Il rispetto di nuovi e ambiziosi standard sanitari, non derogabili, ha notevolmente appesantito i bilanci degli allevatori.
Nel nostro Paese l’attività di allevamento è spesso basata su contratti di soccida. Tale contratto associativo, disciplinato dall’art. 2170 e seguenti del Codice Civile, prevede che il soccidante ed il soccidario si associno per l’allevamento e lo sfruttamento di una certa quantità di bestiame e per l’esercizio delle attività connesse, al fine di ripartire l’accrescimento degli animali e gli altri prodotti ed utili che ne derivano.
Tali contratti consentono all’allevatore di operare all’interno di una filiera, richiedendo il rispetto di determinati standard produttivi, come, ad esempio, la riduzione dell’utilizzo di farmaci ed antibiotici. Al contempo, con il contratto di soccida oggi si garantisce che le produzioni oggetto dell’attività di allevamento trovino uno sbocco sul mercato. Infatti, molto spesso il soccidante è direttamente collegato con l’industria di trasformazione. Per tale ragione, in genere, il soccidante ritira l’intera produzione derivante dal contratto associativo, liquidando il soccidario per la quota di accrescimenti a lui dovuti con una somma di denaro.
Il Ministero, con la Circolare n. 32/1973 e con la Circolare 48/E del 9 febbraio 1995, ha sostenuto che l’assegnazione degli animali effettuata a fine ciclo dal soccidante al soccidario è un’operazione dichiarativa e, pertanto, esclusa da IVA. Tuttavia, anche in relazione alle successive cessioni dei medesimi “beni” ripartiti tra le parti, sia il soccidante che il soccidario possono beneficiare della detrazione IVA prevista dall’art. 19, D.P.R. n. 633/1972.

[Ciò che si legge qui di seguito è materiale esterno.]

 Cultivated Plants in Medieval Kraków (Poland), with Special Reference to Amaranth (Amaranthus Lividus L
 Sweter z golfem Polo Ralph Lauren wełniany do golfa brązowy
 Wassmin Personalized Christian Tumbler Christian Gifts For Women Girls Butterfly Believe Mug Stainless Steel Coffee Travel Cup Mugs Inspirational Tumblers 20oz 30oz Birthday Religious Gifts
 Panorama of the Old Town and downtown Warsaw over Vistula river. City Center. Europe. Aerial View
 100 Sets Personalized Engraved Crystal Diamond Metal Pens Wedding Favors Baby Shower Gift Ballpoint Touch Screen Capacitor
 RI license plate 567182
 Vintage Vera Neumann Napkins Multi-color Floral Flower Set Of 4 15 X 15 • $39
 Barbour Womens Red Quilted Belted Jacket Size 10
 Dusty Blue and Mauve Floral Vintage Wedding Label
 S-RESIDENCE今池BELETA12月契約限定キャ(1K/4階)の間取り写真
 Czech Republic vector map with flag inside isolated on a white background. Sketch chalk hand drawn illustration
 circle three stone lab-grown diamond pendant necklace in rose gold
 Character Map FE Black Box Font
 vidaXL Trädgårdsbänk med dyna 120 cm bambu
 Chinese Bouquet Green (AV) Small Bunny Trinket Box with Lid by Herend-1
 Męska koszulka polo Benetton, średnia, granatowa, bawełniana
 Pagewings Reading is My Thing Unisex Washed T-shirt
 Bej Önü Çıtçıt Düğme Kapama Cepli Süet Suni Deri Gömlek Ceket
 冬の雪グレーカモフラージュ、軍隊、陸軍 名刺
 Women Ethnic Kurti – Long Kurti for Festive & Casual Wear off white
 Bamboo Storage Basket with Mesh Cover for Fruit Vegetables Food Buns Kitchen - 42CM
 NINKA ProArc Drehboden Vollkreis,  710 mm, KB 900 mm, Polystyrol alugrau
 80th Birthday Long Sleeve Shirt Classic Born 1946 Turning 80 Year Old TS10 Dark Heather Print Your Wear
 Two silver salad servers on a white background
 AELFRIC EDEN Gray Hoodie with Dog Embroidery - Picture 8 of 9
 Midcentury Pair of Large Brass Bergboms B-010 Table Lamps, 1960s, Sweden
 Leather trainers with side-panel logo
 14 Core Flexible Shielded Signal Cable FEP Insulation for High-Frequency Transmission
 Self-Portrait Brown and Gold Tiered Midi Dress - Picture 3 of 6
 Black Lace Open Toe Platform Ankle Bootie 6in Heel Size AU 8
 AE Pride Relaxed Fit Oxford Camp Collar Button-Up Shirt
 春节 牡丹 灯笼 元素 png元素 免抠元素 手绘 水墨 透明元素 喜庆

Qualora la quota di frutti spettanti al soccidario sia liquidata dal soccidante con l'equivalente in denaro, tale somma non dovrebbe considerarsi soggetta ad IVA in quanto, in tal caso, il soccidante non fa altro che anticipare al soccidario la quota di frutti ad esso spettante quale ripartizione proporzionale del prezzo ricavato dalla successiva vendita, effettuata dal soccidante stesso, di tutti i frutti della soccida (Risoluzione Ministeriale n. 504929/1973). In tale ipotesi, avendo il soccidario percepito una sola quota di denaro a titolo di corresponsione della quota di accrescimento, senza aver dunque generato alcuna cessione imponibile ai fini IVA, non ha diritto alla detrazione sugli acquisti afferenti l’attività di allevamento, nonostante sia colui che materialmente ha svolto l’attività di allevamento e ha sostenuto una parte delle relative spese (Cassazione Ordinanze nn. 21491/2005 e 27715/2013).
In questo caso occorre rilevare che l’intera produzione successivamente ceduta dal soccidante è soggetta ad IVA. Quindi avremo che il soccidante rileva nella propria IVA debito anche l’imposta relativa al prodotto ottenuto tramite l’attività svolta dal soccidario, al quale è però negato detrarsi l’IVA. In pratica, a fronte di un’attività associata che determina una cessione di beni soggetta ad IVA, ad una delle parti viene negata la detrazione dell’imposta relativa agli acquisti. In questo caso, pertanto, per il soccidante l’IVA non rimane un’imposta neutrale.